I was in a job that was very emotional and stressful. But it was more than just the job that had been frustrating me; the stress of this job was affecting my personal life. I had been praying to know God’s will for me. Should I stay at my job? Should I leave? If I leave, where will I go? What will I do?
So many questions that it got a bit overwhelming, and my head would spin so fast that I had to take a break from asking God what his will is for me.
It’s like when you are driving along and get stuck in mud. The harder I pushed my questions and worries, the more the tires would spin, and I couldn’t move forward.
I persevered in prayer because I had had this hunger to know Christ better. I even went on a three-day silent retreat. And honestly, I went on that retreat because I was just so desperate and wanting to hear God tell me where to go in my life. Just give me the directions, so I can get to where I’m going already!
God didn’t reveal my much-requested road map on that retreat. Not because he couldn’t, but because I realized how can I know God’s will for me, if I don’t know God?
I recognize that in the past, sin had kept me from hearing God in my life. But what about now? I’ve had a conversion. I am faithful in attending Mass, adoration and going to confession regularly. What is this giant roadblock in my midst?
And then I realized, if I don’t know Christ, I mean really know Christ, how can I follow him? How can I hear God if I don’t recognize God’s voice?
In discerning God’s will for my career, I was being called to a deeper level in my relationship with Christ – a relationship formed over time. For me, it was first conversion and repentance and then healing. Then came listening for me.
I recognized I was being called to move again closer to Christ and get to know him better. Who better to learn about God than from his only son, Jesus Christ? I took time to read Scripture and meditate on his word because knowing God is knowing his will. God provided me with the grace I needed to step out in faith and I landed a job at Camp Abbey. I’ve learned God’s plans for me are always better than the plans I have for myself.

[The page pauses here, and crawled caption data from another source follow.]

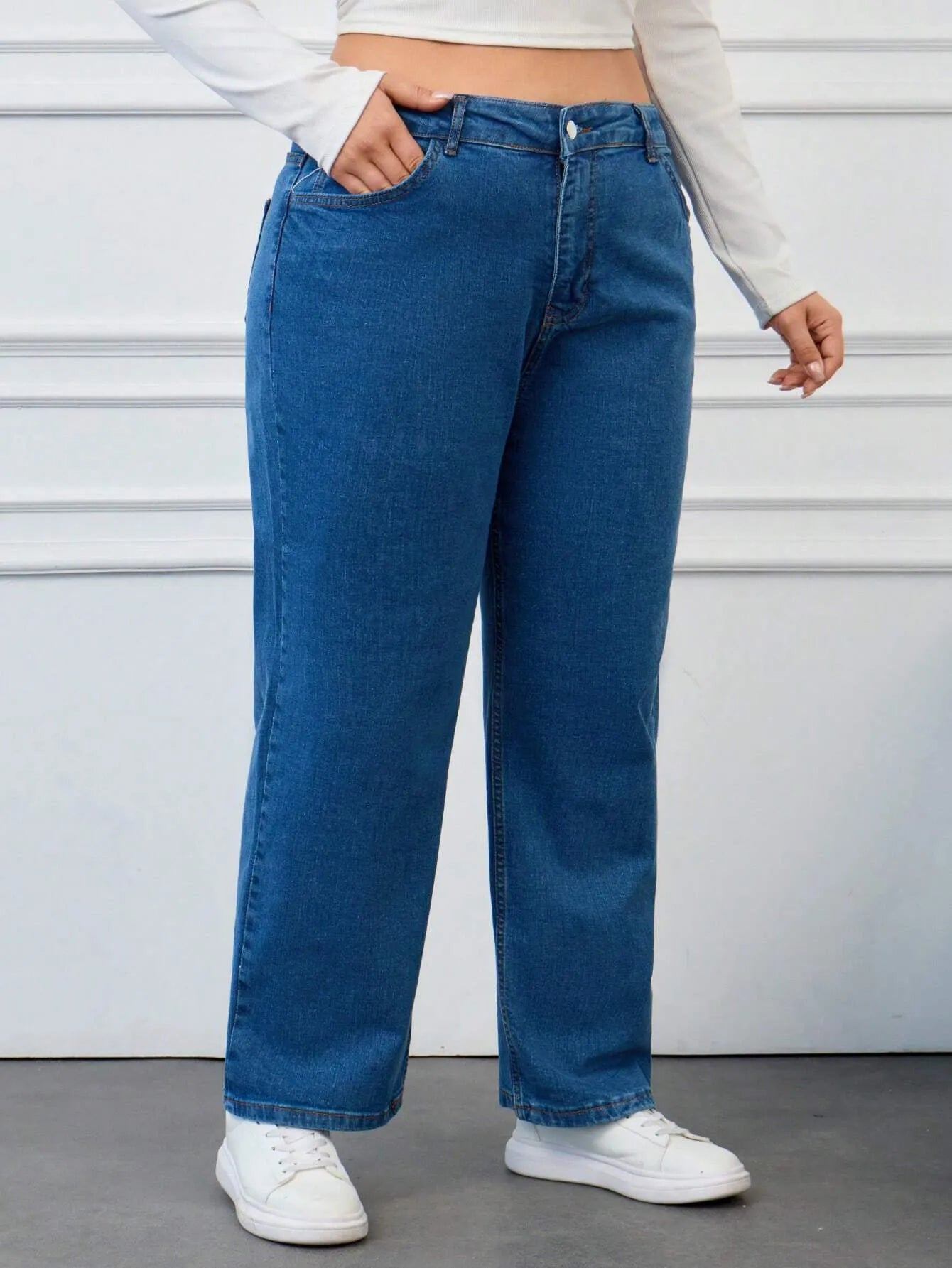 Women's Plus Size Classic Blue Straight-Leg Jeans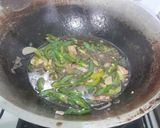 Foto langkah ke 3 dari resep Telur Ceplok Soun Cabe Ijo.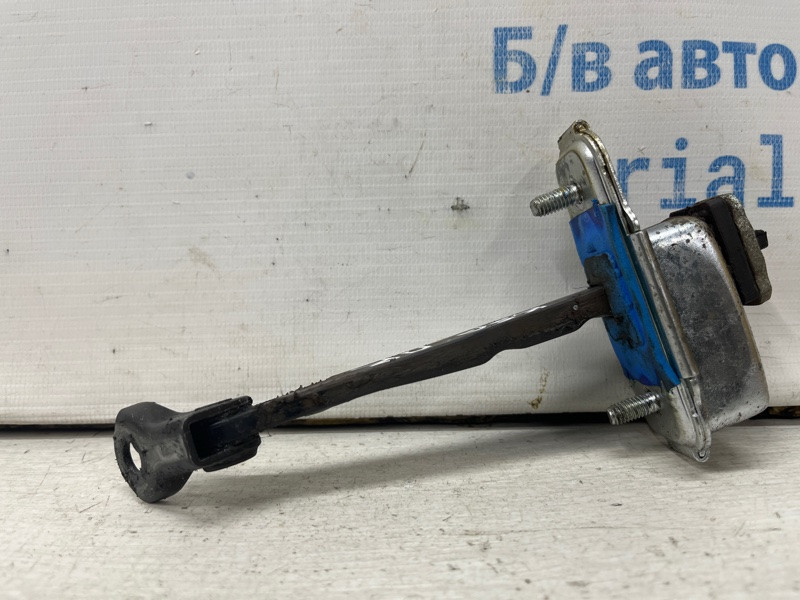 Ограничитель двери передний правый Kia Sportage SL 1.7 DIESEL D4FD 2010 (б/у) Киев - изображение 3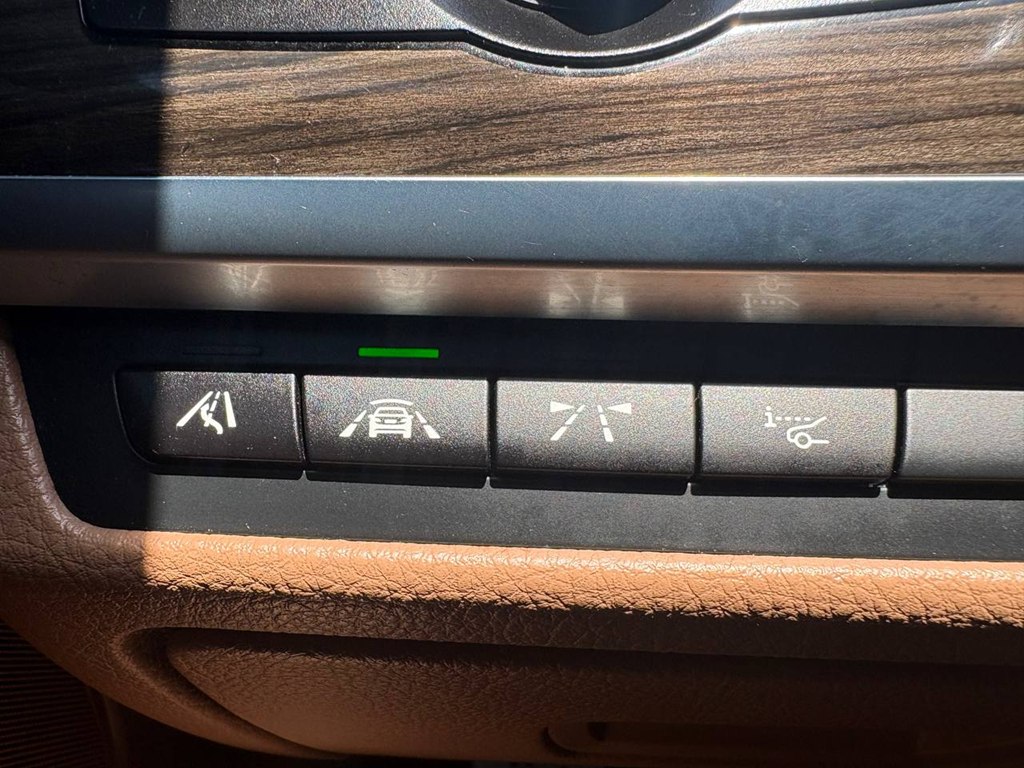 Photo 25 of this BMW 750
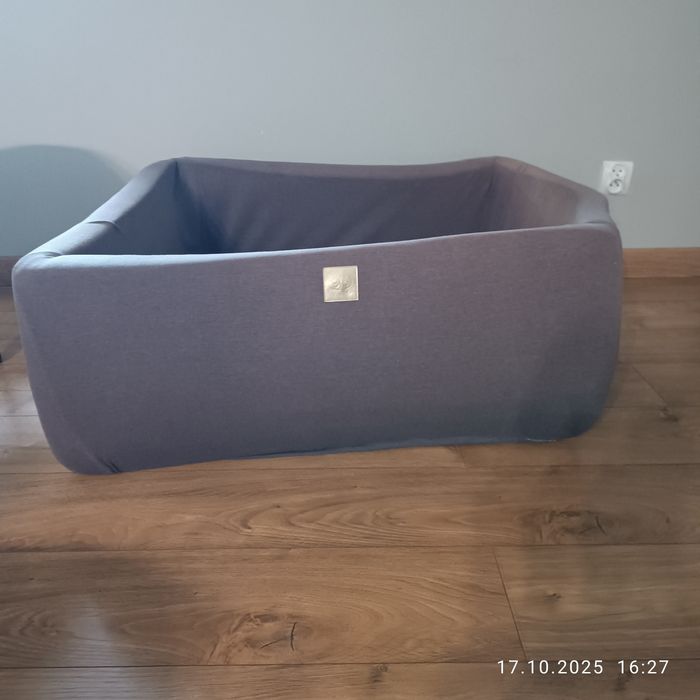 Kwadratowy basen z kulkami 90x90x40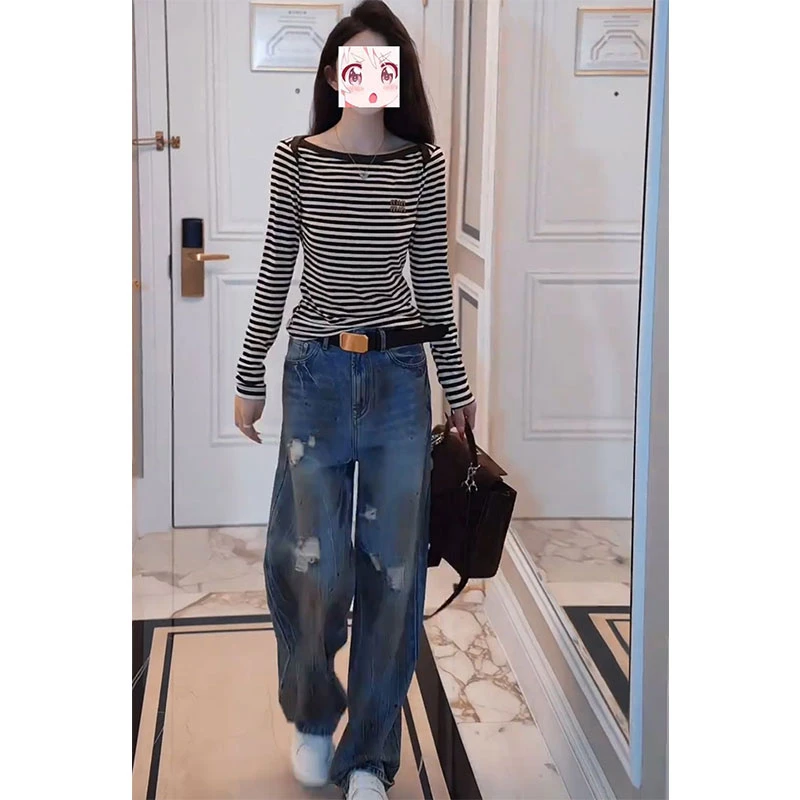 2025年秋季时尚撞色条纹长袖T恤高腰开叉破洞牛仔裤子休闲风穿搭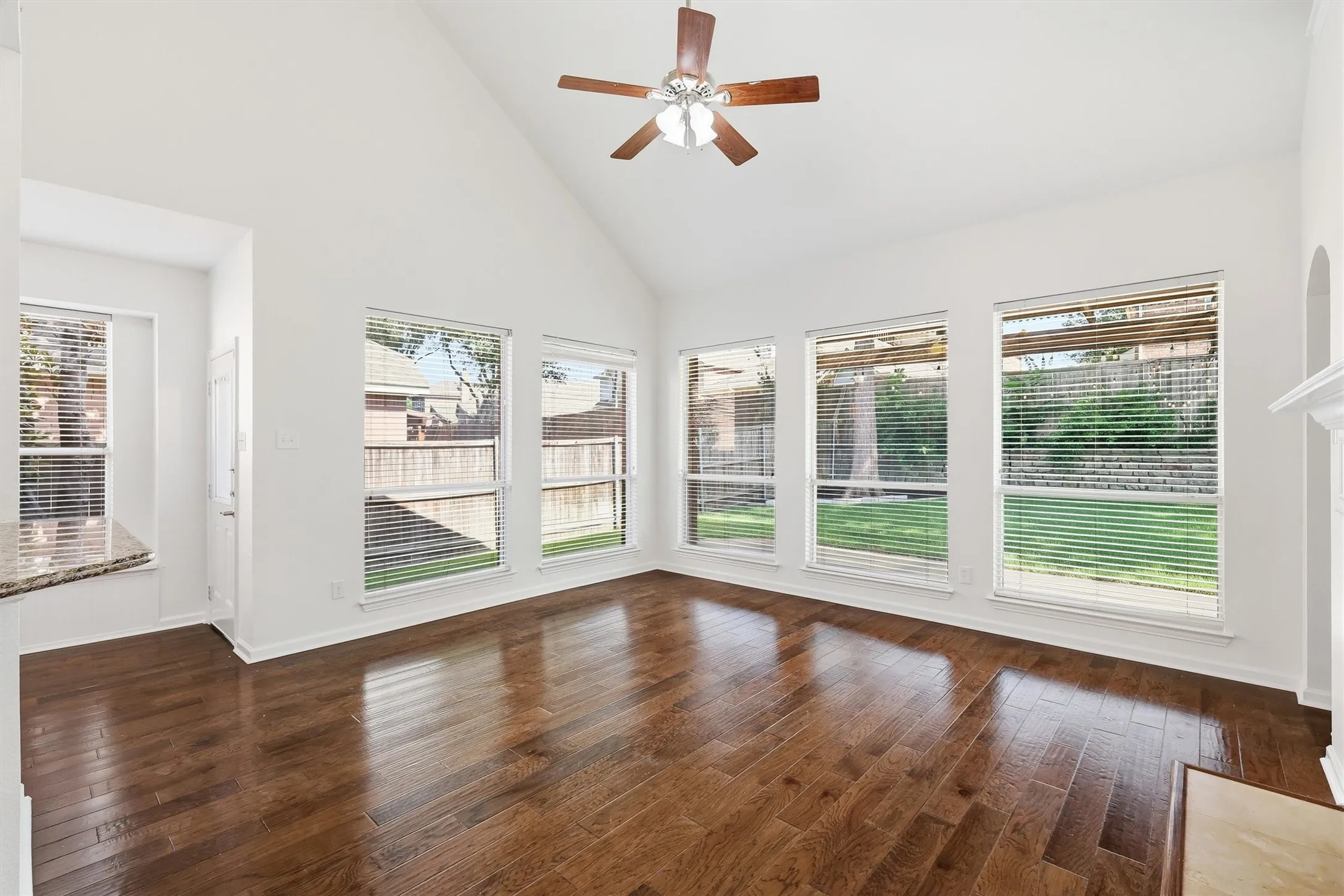 Single Family Residence For Sale in Denton County , 3631 Appalachian Way, Flower Mound, Texas 75022, 4 Bedroom, 3 Bathroom, 2 Garage spaces, 2,374 Sqft, built in 1997, mls#21309876, Real Estate Agent in Flower Mound, Homes For Sale in Denton county, Homes For Sale in Flower Mound, Realtor in Flower Mound Texas, Real Estate Brokerage Independent Realty Texas, Luminita Cordes Realtor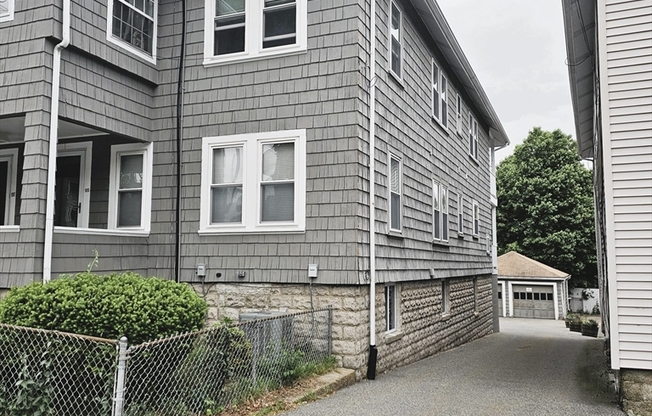 97 HAMMOND ST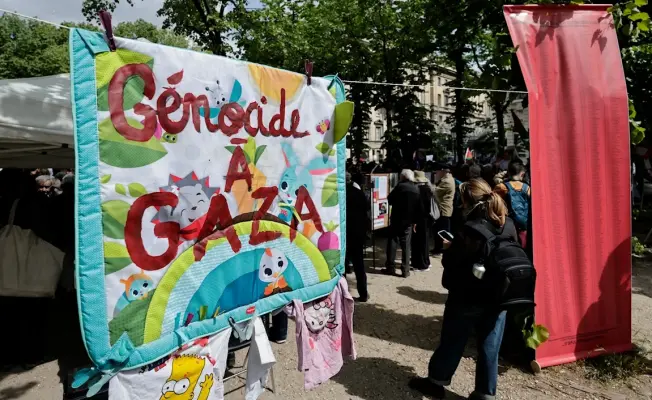لافتات تدين الإبادة في غزة خلال تظاهرة أمام الجمعية الوطنية الفرنسية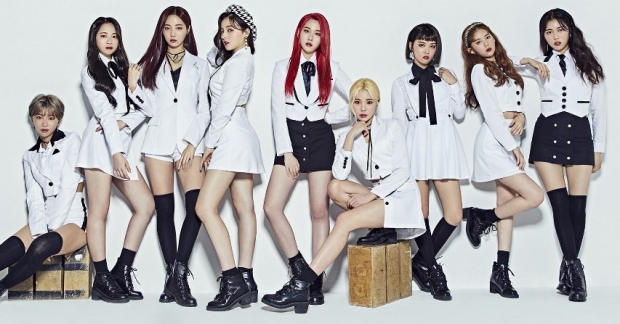 Bên cạnh bộ ba nổi nhất Momoland, hai thành viên tài năng giấu mặt này nên được debut với cương vị solo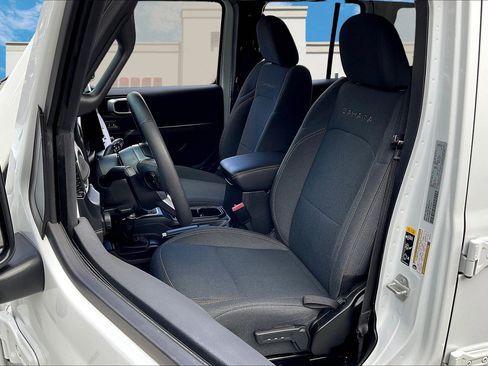 Used 2024 Jeep Wrangler Sahara image 21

Kristen Bourgeois is a wife and mother who grew up in New York and now calls New Orleans home. She was a police detective for 15 years investigating crimes. She currently assists her husband with youth ministry at St. Jane de Chantal and works at Camp Abbey. Kristen had a conversion while a detective and seeks to help working parents find peace in our chaotic world. Hearing God’s voice and finding ways to pray is a passion of Kristen’s. She loves to discover a new chaplet or prayer app and share the Good News! She loves adventure, traveling on horseback, glamping, puppies and watching “Phineas and Ferb” episodes.